I thought I would also include an excerpt from my novel, as I’ve worked tirelessly to perfect the technique of writing a medieval battle sequence, though I’m not yet at the level of Cornwell — though in truth, few writers are at such a level.

The two shield walls collided with a crack of iron and wood, and Cobus held his shield high and felt the impact of a spear point snap against the wooden frame, and he felt the weight of men pushing in from the front as well as at his back, curses and screams and metal raking against wood and the crunching of flesh, and he saw the feet of his enemies digging into the earth, and overhead, he heard the whooshing of spears being thrown into the deeper ranks of the Pagannian lines. He felt the enemy wall falter as the fighting shifted to the left, and he saw a break in the line and lunged forward with his shield, the impact sending a burst of pain up his left arm, but the pain disappeared quickly, and he stabbed to his left with the point of his short sword, and the steel tip ripped into flesh and bone, and a soldier fell to the ground at his feet.
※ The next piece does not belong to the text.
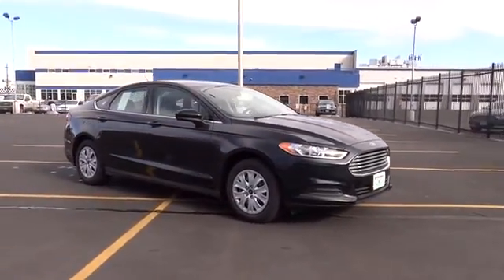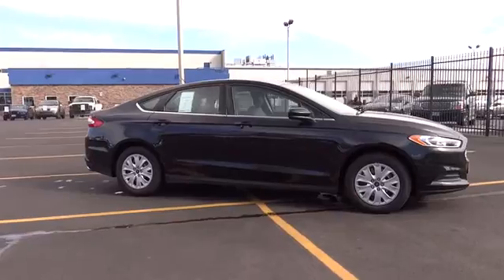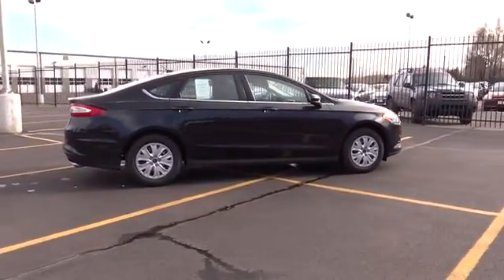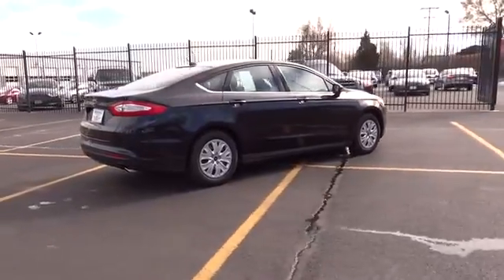Traction control, dual front airbags, air conditioning, front cruise control, keyless entry, automatic stability control, floor mats, power windows, power door locks.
He stepped over the fallen body and attacked the next man who tried to fill the gap, and stabbing over his shield, his blade caught the man in the throat, spraying blood, a fine mist, warm and bright red, and the man grabbed at the steel edge stuck in his neck. Cobus ripped the sword free, another gush of blood, the man’s face pale and eyes wide, hands grasping at the wound as he fell to his knees choking and gurgling on his own blood.

4 thoughts on “Writing a Battle Sequence (Novel Excerpt Included)”
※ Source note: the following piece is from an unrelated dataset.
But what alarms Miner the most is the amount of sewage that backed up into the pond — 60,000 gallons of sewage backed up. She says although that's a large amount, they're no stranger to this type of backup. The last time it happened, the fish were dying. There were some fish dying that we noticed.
  1. Interestingly enough, as I read through your first paragraph, I was thinking, “I need to suggest checking out Bernard Cornwell”. You beat me to it, though I was thinking more of his work in the Richard Sharpe series. I read “The Archer’s Tale”, but had a hard time getting into it. The Sharpe series, however, ranks amongst my favorites. Cornwell is truly a master of historical fiction and, as you noted, his depiction of battles is unmatched.

  2. “Cornwell is truly a master of historical fiction … his depiction of battles is unmatched.” Absolutely. I’ve not read his Sharpe series yet. I started with his medieval novels, as that is where my interest lies more, but I would like to read his Sharpe novels at some point.